Entre 2013 et 2014, la Polynésie française est frappée par la première épidémie d’ampleur de Zika. Sur cet archipel d’à peine 270 000 habitants, environ 32 000 personnes auraient été infectées par le virus. Les autorités estiment aujourd'hui que plus de 60 % de la population ont été immunisés.
Au départ, les autorités et les professionnels de santé pensaient que l’épidémie serait bénigne. Mais très vite, le Dr Van-Mai Cao-Lormeau, virologue au pôle de recherche et de veille sur les maladies infectieuses émergentes de l’Institut Louis Malardé (Papeete, Tahiti) et ses collègues décrivent la dangerosité de ce virus.
Comment s’est déclarée l’épidémie de Zika en Polynésie française en 2013 ?

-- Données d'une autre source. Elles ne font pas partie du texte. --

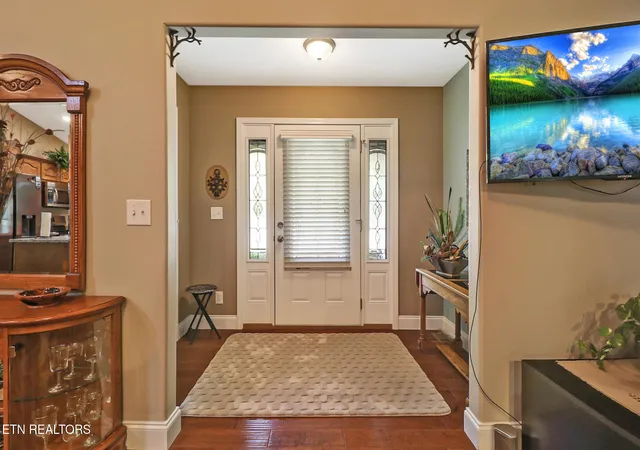 2nd image of 115 Glenwood Dr, Crossville, TN 38558 | MLS# 1352032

Dr Van-Mai Cao Lormeau : Cette année là, une épidémie de dengue s’est déclarée. Ici, les médecins et la population sont habitués à la symptomatologie de cette maladie (forte fièvre accompagnée de maux de tête, de nausées, de douleurs articulaires et musculaires et d’une éruption cutanée ressemblant à celle de la rougeole, ndlr). Or, en octobre 2013, les cliniciens relèvent que certaines personnes infectées présentent une fièvre modérée et des éruptions cutanées particulièrement urticantes. En outre, nous savions que des malades avaient déjà fait une dengue de sérotype 1 ou 3 les années précédentes, et étaient donc immunisés contre ces souches. Nous avons donc supposé qu’un autre agent infectieux circulait. Nous n’avons pas cherché d’emblée le virus Zika mais grâce à notre étroite collaboration avec la Micronésie, victime d’une épidémie en 2007, nous avions la technique de laboratoire permettant de le détecter. C’est ce qui nous a permis d’identifier rapidement le virus.

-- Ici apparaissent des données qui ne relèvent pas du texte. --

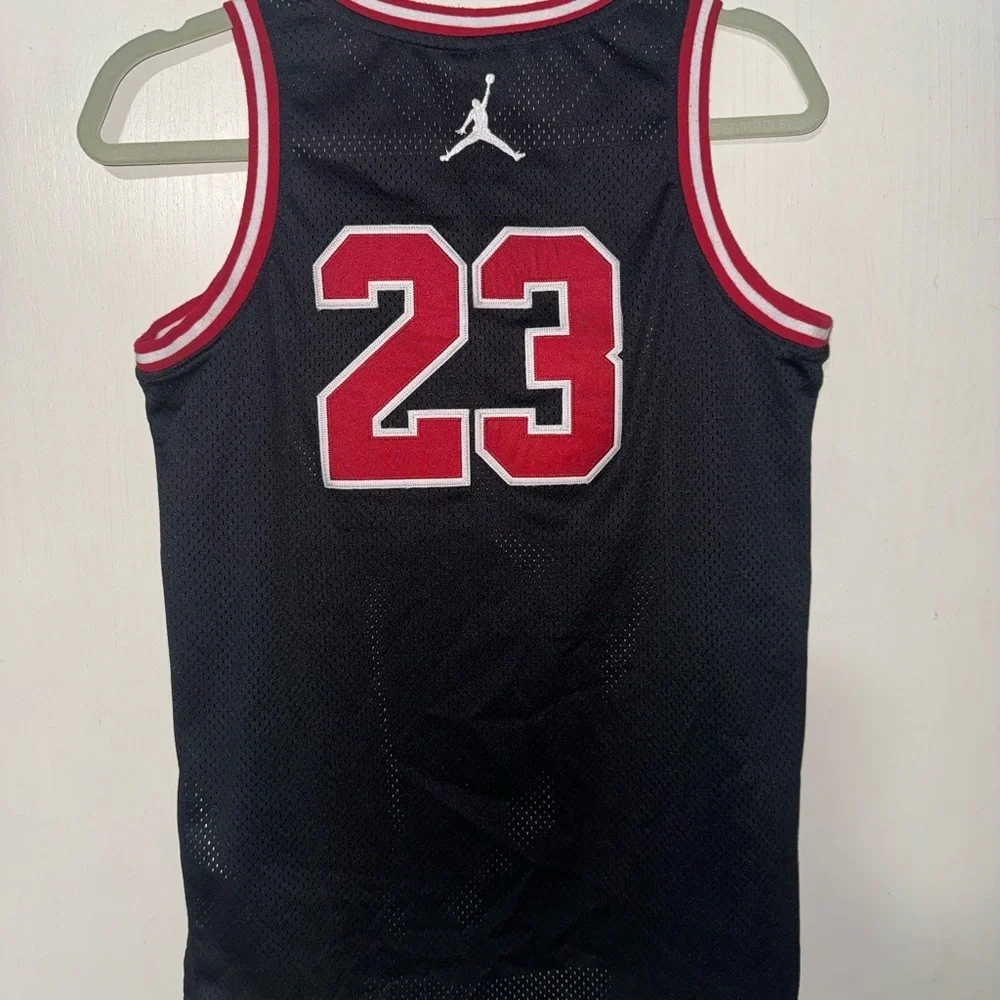 Jordan  Black and Red Jersey 12/13 years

Vous étiez donc prêt à y faire face ?
Dr Van-Mai Cao Lormeau : Nous avions tous en tête que l’épidémie allait être bénigne. Mais nous sommes allés de surprises en surprises. Quelques semaines après le début de l’épidémie de Zika, nous avons observé l’apparition de syndromes de Guillain-Barré (une complication neurologique provoquant une paralysie progressive, ndlr). Au total, 42 personnes ont été atteintes. C’était un phénomène nouveau auquel on ne s’attendait pas. Nous avons mis un certain temps avant de documenter ces cas car lorsqu’ils se sont présentés à l’hôpital, ils n’avaient plus de virus dans le sang. De fait, on sait aujourd'hui que le syndrome de Guillain-Barré peut se déclencher 8 semaines après l’infection. Nous avons donc dû prouver que ces personnes avaient été infectées par Zika.
Avec le Brésil, vous êtes le seul territoire à avoir identifié une hausse anormale des cas de microcéphalie. Mais vous ne l’avez pas observée immédiatement. Pourquoi ?
Dr Van-Mai Cao Lormeau : Il y a plusieurs raisons à cela. D’abord, ils ne sont pas survenus au moment de l’épidémie, mais en 2014. Et bien qu’ils étaient repérés par les pédiatres, il était très compliqué de faire le lien entre ces cas et l' exposition in utero au virus Zika. Par ailleurs, personne ne s’attendait à de telles conséquences.
C’est au moment où le Brésil a rapporté à la fois l’épidémie de Zika et une forte augmentation des cas de microcéphalie que nous avons lancé des investigations rétrospectives, et détecté ces malformations congénitales. Au total, 18 cas de malformations congénitales chez des fœtus ou bébés dont les mères étaient enceintes pendant l’épidémie de Zika ont été rapportés. Parmi eux, 13 nourrissons ont présenté des malformations sévères dont des microcéphalies. Le nombre n’a pas encore été précisé car des investigations cliniques sont encore en cours.